So you've got a wad of money burning a hole in your pocket? You could blow it all on a hovercraft or a tonne of shoes and handbags - or you could watch it grow in a term deposit.
It's up to you, but if you decide on the term deposit option, we can give you some pointers on finding a good one. That way when your money matures you'll be able to buy even more shoes, handbags and hovercrafts!
Term deposits fix your savings for periods of up to five years in 30-day increments, and interest is generally payable at the maturity of the term.
Funds are not available whenever you want, but term deposits can be broken at any time by paying a break fee — unless you end up in a so-called unbreakable term deposit and are required to give 31 days notice (more below).
Term deposits vs online savings
Term deposits have historically offered higher interest rates than traditional savings accounts, particularly over longer terms, but that has changed somewhat over the past few years with the emergence of online saver accounts offering bonus rates for a fixed period.
At the same time, term deposit interest rates have fallen. Terms deposit rates are still generally better than savings accounts, by not by as much as they used to be.
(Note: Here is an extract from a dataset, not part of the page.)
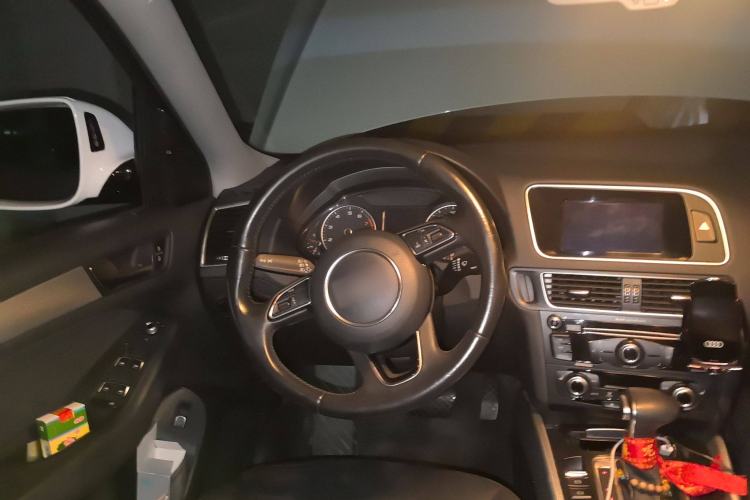 Used Audi Q5 2017 40 TFSI Technology Edition Steering Wheel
Most funds in term deposit accounts are held by people in their mid-30s or older. Younger consumers tend to choose online accounts for their convenience and immediate access to their money.
Online accounts also usually pay interest monthly instead of at the maturity of the term, which means higher returns from compounding interest.
When we looked in March 2017 the best standard savings account rate was 2.40% and the best bonus rate (which comes with time restrictions and/or conditions) was 3.05%.
By contrast, the best six-month rate for term deposits was 2.80%, while the best one-year rate was 3.00%.
The key feature is certainty: rates are fixed for the term. So, even if the Reserve Bank of Australia changes its rate, your return remains the same.
And what's bad?
With a term deposit, your money is locked away for a fixed length of time, and early withdrawals are usually penalised with a break fee.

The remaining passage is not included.